True, I typically label my views as “Far-Right” and I do so for two reasons. First, it is for the sake of clarity and convenience when summarizing these views – national socialist, fascist, racial nationalist – in a “political shorthand” that is commonly accepted by most people on the both the “Right” and the “Left.”  This is analogous to using “White” as shorthand for “peoples of European descent.”  Second, and in contrast to the author of the work linked above, I do not define “Right/Left” in terms of reactionary vs. revolutionary, nor do I accept purely economic or political definitions.  A more metapolitical definition that I support – and that is more economical with facts and aligned with how the terms are actualized in reality – is to associate the Right with hierarchy and difference and inequality and the Left with egalitarianism and obsessive equality at any cost and a leveling universalism.  Hence, my ideology is at the far extreme of the “Right” despite the fact that some of my views – on economics for example – are more “leftist.”  But, and this is the key point, I have no emotional investment in my labeling of my views.  It is merely a tool, merely shorthand, merely a consequence of the definitions I use, and if others want to label my views as “leftist” then, fine, I’m a “leftist.” There is a difference between labeling as a tool and labeling as an identity.  The former is a normal part of everyday life; the latter is foolish and childish. In the end, I care about the actual ideology and its consequences with respect to my biocentric view of racial life, not about the labels used to identify the ideology.

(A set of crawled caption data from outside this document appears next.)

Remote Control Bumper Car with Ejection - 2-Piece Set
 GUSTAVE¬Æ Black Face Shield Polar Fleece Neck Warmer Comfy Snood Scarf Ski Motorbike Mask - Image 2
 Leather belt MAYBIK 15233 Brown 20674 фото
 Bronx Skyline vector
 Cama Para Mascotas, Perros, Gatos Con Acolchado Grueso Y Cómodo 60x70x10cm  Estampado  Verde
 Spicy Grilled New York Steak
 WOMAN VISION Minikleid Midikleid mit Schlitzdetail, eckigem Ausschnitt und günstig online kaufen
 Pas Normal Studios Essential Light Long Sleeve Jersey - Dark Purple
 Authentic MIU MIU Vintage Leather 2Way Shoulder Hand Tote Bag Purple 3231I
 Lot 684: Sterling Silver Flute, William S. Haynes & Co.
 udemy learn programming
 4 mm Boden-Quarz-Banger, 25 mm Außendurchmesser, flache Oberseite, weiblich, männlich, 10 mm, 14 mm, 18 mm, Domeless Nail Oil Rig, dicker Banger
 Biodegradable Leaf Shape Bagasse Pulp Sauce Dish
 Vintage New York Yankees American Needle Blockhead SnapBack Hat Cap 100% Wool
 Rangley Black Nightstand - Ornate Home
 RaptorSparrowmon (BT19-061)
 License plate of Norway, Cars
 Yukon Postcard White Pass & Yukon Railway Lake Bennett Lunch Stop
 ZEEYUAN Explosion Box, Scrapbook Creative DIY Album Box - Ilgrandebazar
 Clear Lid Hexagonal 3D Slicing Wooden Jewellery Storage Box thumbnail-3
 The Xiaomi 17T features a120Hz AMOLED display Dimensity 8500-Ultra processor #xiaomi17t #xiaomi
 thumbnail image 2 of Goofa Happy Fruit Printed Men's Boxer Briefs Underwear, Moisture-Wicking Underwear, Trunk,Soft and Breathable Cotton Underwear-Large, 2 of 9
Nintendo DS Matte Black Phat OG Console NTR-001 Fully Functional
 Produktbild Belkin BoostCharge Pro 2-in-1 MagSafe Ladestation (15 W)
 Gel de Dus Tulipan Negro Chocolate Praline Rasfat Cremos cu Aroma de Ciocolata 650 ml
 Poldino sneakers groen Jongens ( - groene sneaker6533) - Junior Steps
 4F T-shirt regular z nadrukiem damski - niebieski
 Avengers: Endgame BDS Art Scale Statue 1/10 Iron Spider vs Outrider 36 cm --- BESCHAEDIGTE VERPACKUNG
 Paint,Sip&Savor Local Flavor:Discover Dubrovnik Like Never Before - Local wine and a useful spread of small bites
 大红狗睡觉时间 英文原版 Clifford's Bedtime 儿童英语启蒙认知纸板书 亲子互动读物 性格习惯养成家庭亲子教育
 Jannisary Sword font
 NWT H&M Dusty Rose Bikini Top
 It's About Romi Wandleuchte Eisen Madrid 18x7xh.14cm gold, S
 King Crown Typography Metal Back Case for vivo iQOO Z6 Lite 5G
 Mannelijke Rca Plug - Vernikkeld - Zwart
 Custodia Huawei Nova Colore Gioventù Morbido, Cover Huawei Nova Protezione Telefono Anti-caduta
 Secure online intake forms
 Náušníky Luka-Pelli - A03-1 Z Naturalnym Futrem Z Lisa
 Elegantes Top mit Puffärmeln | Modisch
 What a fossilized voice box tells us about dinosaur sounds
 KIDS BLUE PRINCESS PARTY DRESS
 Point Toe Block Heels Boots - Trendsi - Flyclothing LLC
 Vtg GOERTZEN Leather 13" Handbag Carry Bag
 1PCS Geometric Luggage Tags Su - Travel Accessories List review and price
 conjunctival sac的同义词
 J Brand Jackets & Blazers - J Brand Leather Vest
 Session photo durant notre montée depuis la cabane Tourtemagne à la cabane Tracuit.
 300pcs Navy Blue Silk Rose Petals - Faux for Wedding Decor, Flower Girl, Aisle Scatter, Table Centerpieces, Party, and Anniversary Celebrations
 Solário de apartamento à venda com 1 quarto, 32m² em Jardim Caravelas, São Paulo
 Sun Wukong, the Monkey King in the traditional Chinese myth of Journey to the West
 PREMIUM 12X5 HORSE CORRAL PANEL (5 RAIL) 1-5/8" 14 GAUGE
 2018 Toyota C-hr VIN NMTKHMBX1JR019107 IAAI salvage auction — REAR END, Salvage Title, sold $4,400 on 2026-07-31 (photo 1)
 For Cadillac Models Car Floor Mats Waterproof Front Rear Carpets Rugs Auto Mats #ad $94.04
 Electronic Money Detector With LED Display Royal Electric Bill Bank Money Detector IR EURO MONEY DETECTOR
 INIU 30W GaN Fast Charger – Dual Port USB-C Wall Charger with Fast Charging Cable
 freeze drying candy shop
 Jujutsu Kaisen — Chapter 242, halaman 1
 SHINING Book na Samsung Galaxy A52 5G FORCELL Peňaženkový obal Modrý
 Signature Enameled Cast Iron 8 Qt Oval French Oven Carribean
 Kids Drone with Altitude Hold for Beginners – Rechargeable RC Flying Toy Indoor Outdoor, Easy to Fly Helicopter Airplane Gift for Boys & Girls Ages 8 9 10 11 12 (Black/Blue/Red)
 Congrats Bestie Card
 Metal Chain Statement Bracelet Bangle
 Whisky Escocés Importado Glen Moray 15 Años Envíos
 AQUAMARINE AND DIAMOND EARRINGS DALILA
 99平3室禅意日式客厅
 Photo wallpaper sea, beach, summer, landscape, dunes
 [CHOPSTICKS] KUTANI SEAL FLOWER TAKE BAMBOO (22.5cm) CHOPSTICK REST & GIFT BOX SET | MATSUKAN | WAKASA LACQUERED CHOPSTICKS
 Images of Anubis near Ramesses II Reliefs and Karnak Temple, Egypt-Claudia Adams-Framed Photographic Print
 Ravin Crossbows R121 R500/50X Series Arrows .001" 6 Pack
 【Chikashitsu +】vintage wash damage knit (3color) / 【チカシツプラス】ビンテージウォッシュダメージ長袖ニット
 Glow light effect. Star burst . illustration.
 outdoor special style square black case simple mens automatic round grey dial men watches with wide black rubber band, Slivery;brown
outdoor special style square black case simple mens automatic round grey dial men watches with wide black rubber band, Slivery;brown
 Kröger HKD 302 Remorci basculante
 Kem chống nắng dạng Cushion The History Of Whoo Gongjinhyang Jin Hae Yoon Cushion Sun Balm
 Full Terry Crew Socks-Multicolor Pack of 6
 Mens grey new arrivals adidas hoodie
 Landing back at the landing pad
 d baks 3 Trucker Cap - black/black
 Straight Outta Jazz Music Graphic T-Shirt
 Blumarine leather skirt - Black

I also realize that in the end my definition of “Right/Left” is as subjective as all the others.  I believe my definition is more reflective of reality, but there is no hardcore objectivity in political labels.  More important, it shouldn’t really matter.  There are those who – perhaps because of their Asiaphilia – are likely more familiar with Confucius than with Shakespeare and who are not in tune with the attitude behind “a rose by any other name….”   To observe individuals spill gallons of “digital ink” analyzing the use of “Right” vs. “Left” labels, to see ideologically similar individuals engage in acrimonious debate over such labels, to read rambling theses about “White Leftism” – this reflects ideological immaturity.  If one is brought down to the level of endlessly debating the labels to be given to views, it is high time to put the labels aside and concentrate on actual differences in views, ideologies, and proposals – and not in highly abstract theoretical terms but in how these views would be, or should be, actualized into reality.

These people like labels?  Let’s use labels – by wasting time with labels and with academic abstractions, those on the “Right” (a label as defined by me) are constantly outcompeted by those on the “Left” (another label as defined by me), the latter group being more concerned with winning and achieving their objectives than with a juvenile concern with how others label them.  You can label a rose as a sewer and label a sewer as a rose, but that is not going to change how each smells.  There is of course a need for clarity of definition and a need to avoid dangerous mislabeling – if one wants a rose then they don’t want a sewer – but defining terms should be a direct and efficient process for reasonable people.  If there is a need to spend months – or years! – debating definitions and labels then something is wrong.  The people involved are being stupid, stubborn, mendacious, maladaptive, or are engaging in avoidance behavior – engaging in fruitless and sterile argument over abstractions because of an inability or unwillingness to come to grips with harsh reality. When leading troops into battle, one needs to make sure there is agreement over the meaning of labels and definitions, and then one does what they need to do.  Soldiers who endlessly debate the meaning of a “flanking movement” will quickly find themselves outflanked by an enemy who ended their debate long before.  In the end, actualized reality trumps abstract defining and labeling every time, without fail.